‘This investment will support the use of technology to increase access to care, bring it closer to home, and improve its delivery and coordination’
Acting under a bilateral agreement, the federal government is investing $3.12 million in targeted funding in 2020–21 to help Yukon increase its capacity to provide virtual health care to residents across the province.
“Now more than ever, Canadians need access to virtual care services to support their health. We are working with provinces and territories to rapidly deploy such services for Canadians, to ensure they can access the care they need, whenever they need them,” said Patty Hajdu, Canada’s minister of health. “Today’s investment will support Yukon in their expansion of virtual health care services, ensuring Yukoners have health services throughout the pandemic.”
Physicians in Canada generally opted to offer virtual care services options instead of in-person care amid the first wave of the COVID-19 pandemic, according to a report from the Canadian Institute for Health Information.
“Yukon is the first provincial or territorial jurisdiction to enter into an agreement with the Government of Canada under this funding agreement. We are happy to be implementing this Putting People First recommendation,” said Pauline Frost, Yukon’s minister of health and social services. “This investment will support the use of technology to increase access to care, bring it closer to home, and improve its delivery and coordination across Yukon. This is a very positive step forward in our effort to provide more accessible health care to all Yukoners.”
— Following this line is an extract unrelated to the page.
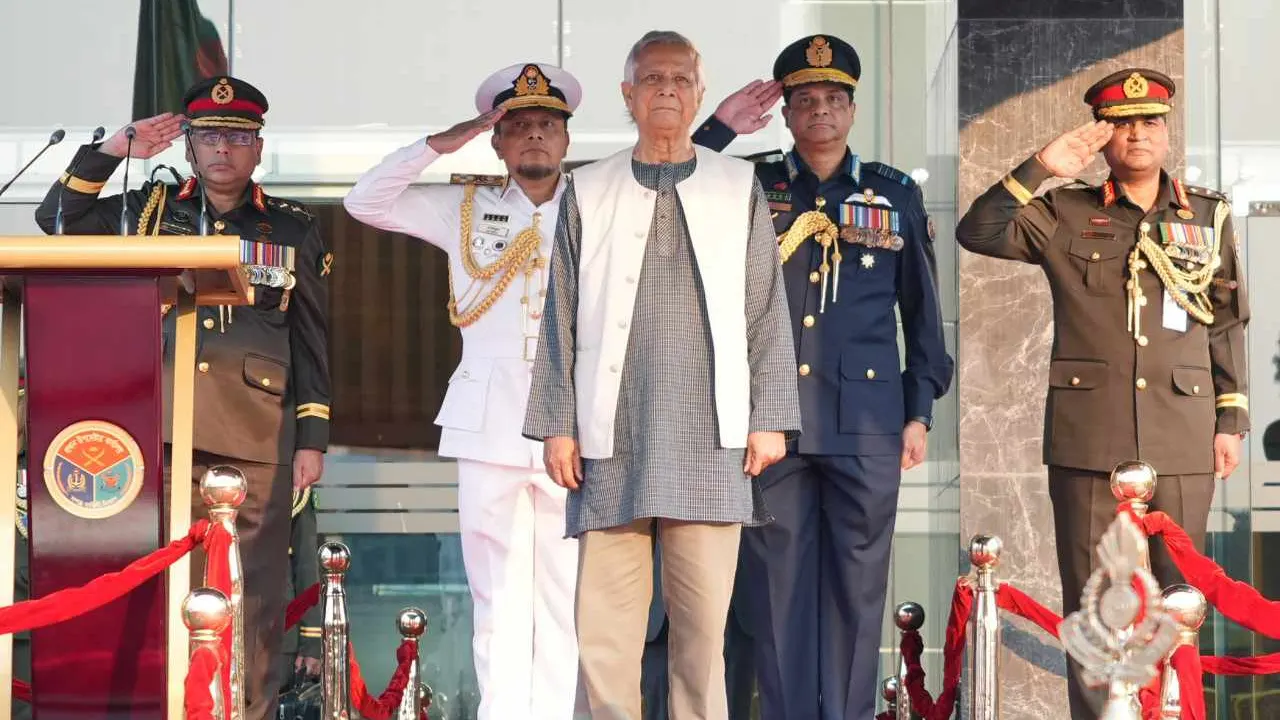 যথাযোগ্য মর্যাদায় সশস্ত্র বাহিনী দিবস পালিত। ছবি : আইএসপিআর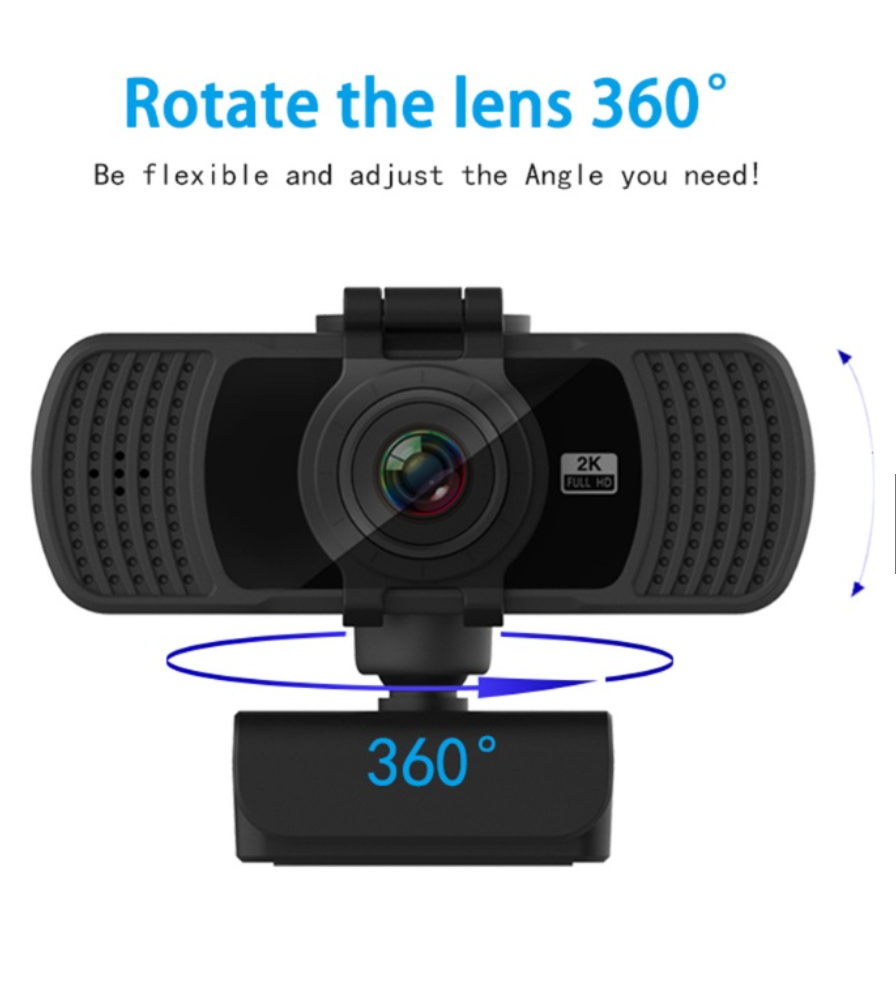 Webcam PCX độ phân giải 2K Tự Động lấy nét - Kèm Microphone Stereo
The funding will help Yukon develop 1Health, a territorial electronic health record, which will integrate a suite of virtual health tools. The tools include secure video-conferencing technology, secure messaging and file transfer, a curated patient portal and remote patient monitoring technologies and infrastructure.
Yukon said it will also engage with physicians on lessons learned during the COVID-19 pandemic to collectively create an action plan outlining how the federal funding will be used to improve access to virtual care.
Virtual health or telehealth options offer a lot of benefits for physicians and patients alike, according to Ortholive, an orthopedic virtual care platform. These include:
- It advances new business models.
- It improves patient engagement with remote monitoring.
- It improves clinical workflows and increases practice efficiency.
- It increases practice revenue.
- It reduces practice overhead.
- It improves healthcare quality.
- It reduces patient no-shows.
- It improves patient satisfaction.
A separate study found that 88 per cent of Canadians agree that there's a need to improve the capacity of the health care system, be it through more beds, personal protective equipment, medical staff, or hospitals and clinics.